I can write up some more details later. In the mean time, I encourage you to google for the ICs that are on that board. The resulting data sheets will tell you what each pin does. It will also occasionally show you the internal workings of the IC to help get a better understanding of how it works.

5
0
Apr 26, 2012
O

Let me first give my reply a title for reference later:

Post Title: 555 Internal components.

This post if 555 internal components part (i)
555 internal components part (ii) will come soon after.

I have printed out the data sheets and had a glance through them already I will go off and look at them in more detail now. I saw the internal workings in the datasheet before and they looked like trigger is at the (-) terminal of what I assume is a comparator, an even bigger assumption I will make now is that a comparator is a box that compares two independent voltage levels and depending on what it sees then it gives a dependent output. This goes into a box 'F/F'.

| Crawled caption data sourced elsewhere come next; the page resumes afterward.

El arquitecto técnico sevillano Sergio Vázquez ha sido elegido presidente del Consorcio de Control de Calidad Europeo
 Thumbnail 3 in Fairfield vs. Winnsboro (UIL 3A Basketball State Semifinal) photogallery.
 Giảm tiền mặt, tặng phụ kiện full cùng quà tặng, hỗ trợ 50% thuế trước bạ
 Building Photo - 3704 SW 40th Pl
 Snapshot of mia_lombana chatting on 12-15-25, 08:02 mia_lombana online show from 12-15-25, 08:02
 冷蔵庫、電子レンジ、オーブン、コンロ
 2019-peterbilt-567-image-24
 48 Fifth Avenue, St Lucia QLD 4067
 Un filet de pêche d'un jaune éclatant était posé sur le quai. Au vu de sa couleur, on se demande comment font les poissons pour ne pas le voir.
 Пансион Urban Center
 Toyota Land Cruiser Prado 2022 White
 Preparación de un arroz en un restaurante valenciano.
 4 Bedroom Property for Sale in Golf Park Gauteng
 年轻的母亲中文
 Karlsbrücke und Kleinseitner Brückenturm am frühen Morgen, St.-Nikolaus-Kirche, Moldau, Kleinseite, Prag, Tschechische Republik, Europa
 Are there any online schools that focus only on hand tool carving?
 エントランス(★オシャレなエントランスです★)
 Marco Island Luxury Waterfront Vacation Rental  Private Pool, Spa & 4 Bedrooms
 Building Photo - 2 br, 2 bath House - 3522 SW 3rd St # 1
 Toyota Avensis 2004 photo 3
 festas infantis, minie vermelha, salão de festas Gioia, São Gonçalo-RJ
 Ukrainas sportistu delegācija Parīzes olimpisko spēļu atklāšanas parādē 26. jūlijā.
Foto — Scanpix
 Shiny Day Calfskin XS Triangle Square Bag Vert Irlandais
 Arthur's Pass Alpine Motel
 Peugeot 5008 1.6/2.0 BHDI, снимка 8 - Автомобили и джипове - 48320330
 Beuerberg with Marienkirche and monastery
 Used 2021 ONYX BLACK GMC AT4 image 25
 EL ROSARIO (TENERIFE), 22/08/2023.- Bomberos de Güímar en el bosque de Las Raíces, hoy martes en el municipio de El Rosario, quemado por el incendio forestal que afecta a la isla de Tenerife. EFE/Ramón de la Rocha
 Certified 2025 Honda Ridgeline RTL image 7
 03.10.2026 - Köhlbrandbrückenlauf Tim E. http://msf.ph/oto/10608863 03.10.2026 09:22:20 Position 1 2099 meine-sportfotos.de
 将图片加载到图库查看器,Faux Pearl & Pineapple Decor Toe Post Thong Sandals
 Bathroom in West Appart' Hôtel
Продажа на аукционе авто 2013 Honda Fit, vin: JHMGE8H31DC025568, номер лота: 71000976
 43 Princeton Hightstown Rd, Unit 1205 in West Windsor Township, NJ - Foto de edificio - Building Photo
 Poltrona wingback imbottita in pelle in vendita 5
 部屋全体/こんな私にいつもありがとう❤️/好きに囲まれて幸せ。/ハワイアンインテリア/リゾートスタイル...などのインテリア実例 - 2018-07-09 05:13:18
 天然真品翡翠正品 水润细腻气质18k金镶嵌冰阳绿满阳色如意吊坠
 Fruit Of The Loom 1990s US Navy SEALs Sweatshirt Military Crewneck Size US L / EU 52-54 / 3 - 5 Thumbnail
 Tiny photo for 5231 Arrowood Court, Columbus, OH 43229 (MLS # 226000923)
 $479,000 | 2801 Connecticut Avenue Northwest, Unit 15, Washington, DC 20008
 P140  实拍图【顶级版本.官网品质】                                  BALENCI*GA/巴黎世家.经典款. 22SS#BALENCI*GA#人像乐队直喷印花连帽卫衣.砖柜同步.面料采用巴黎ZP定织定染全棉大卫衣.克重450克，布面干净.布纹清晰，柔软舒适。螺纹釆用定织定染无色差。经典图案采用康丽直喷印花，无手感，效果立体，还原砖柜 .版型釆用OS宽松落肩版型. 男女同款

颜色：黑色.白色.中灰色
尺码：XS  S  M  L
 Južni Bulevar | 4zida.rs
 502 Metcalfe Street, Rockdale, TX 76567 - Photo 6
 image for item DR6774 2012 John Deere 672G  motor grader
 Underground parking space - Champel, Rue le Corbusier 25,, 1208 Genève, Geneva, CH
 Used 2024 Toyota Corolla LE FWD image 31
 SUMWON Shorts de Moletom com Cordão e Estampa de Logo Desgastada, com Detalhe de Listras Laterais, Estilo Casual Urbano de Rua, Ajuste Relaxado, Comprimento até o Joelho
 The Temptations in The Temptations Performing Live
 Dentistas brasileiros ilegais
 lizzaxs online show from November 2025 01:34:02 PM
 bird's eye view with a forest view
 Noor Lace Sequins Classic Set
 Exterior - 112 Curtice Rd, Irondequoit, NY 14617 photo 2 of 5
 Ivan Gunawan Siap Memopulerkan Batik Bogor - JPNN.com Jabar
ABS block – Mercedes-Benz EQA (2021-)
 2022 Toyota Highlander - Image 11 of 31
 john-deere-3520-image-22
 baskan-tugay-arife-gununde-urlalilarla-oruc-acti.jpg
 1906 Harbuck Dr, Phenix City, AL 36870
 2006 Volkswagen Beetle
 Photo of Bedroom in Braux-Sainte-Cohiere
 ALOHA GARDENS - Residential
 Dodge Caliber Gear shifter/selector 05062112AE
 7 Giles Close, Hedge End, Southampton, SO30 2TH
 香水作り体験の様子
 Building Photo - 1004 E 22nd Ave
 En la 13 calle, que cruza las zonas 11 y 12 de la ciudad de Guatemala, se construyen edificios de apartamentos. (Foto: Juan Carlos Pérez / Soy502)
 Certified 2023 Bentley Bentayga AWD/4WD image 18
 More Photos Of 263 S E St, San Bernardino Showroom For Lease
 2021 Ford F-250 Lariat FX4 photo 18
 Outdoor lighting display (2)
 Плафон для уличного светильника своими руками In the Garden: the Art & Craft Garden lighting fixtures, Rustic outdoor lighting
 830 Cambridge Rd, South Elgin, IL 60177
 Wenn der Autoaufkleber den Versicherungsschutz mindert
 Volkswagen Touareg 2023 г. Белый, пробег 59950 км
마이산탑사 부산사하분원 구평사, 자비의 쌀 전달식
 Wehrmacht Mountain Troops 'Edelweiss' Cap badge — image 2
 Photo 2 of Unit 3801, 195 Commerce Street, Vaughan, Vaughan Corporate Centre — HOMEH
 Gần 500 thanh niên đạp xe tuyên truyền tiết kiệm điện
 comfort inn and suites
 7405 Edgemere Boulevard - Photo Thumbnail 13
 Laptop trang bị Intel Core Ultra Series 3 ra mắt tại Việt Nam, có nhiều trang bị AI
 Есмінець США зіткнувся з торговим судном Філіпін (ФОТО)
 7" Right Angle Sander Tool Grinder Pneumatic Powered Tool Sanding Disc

***Just a short note: I have come back after finishing this post to put in a piece of information, that is more relevant at this stage) regarding the "Trigger" comparator; The voltage at the + terminal of the "Trigger" comparator is Vcc(1/3)

The 'F/F' box:
This has an input from the trigger terminal (T).
• There is also an input connected to the emmiter terminal of a BJT, I am assuming NPN) with the collector of this BJT connected to discharge (7).
• The is an input from another Comparators output. This comparator is comparing the voltage levels at Control voltage (-), which is dictated to by (2/3)Vcc (assuming R=R=R, i.e. Resistros are equal ohms) and Threshold (+).
• There is an 'Output Stage' box between F/F and the output terminal, I do not know what this does or if it does anything (Apart of course from our approx 50/50 1Hz duty cycle wave).
• There is another terminal to the F/F box and this is connected to Reset (4) through the collector of an PNP BJT, the emmiter is at some voltage reference, in my circuit I think is at some level whereby the 555 never resets because the base and collector are always in Reverse Bias because the Base (N region) of this BJT is connected to Reset (4) input which is constantly held at +5V.
The Flip Flop is starting to look like the beating heart of the 555 IC.
*** Assuming 'F/F' stands for FlipFlop, and if I remember back to my theory on JK flip flops that;
• If J and K are both 0, the output does not change.
• If K is 1 and J is 0 then the output goes to 0.
• If J is 1 and K is 0 then the output goes to 1.
• If both J and K are both 1 then the output toggles between 0 and 1.
[Again this is assuming for now that these are not D-Type or some other type of Flip Flop that I don't know about.]

So continuing on with all these assumptions (i just trying to figure it out as I go);

Zooming back out to the higher level of abstraction, the 555 timer as a box, if you will. We spoke about how we can charge and discharge the capacitor earlier. This is effectively putting;
• Threshold (6) and Trigger (2) at either 5V or 0V,
• Discharge (7) at either (5V)(1/10) = 0.5V when C1 is S/C i.e uncharged OR 0V when C1 is O/C i.e. charged.
• +Vs (8) is always connected to 5V.
• And 'Reset' is always connected to +5V.
• Terminal 1 is always connected to ground.
• Output (3) is where over output voltage levels come out, High or Low.

Last edited: Sep 13, 2014
6. ### Gryd3

4,098
875
Jun 25, 2014
Some additional notes since you are taking a look at the comparators.
There are two comparators connected to Threshold(6) and Trigger(2). Those pins are compared to an internal voltage divider. One comparator will be looking at 2/3 the supply voltage, and the other will be looking at 1/3 the supply voltage.
Here is a handy animation you may find interesting : http://www.williamson-labs.com/pu-aa-555-timer_fast.htm

Those comparators will be driven digitally with a very very high open-loop gain so that the output is either high or low depending on which input is higher. Later study into analogue devices will show you how to use opamps as buffers and amplifiers for analogue signals.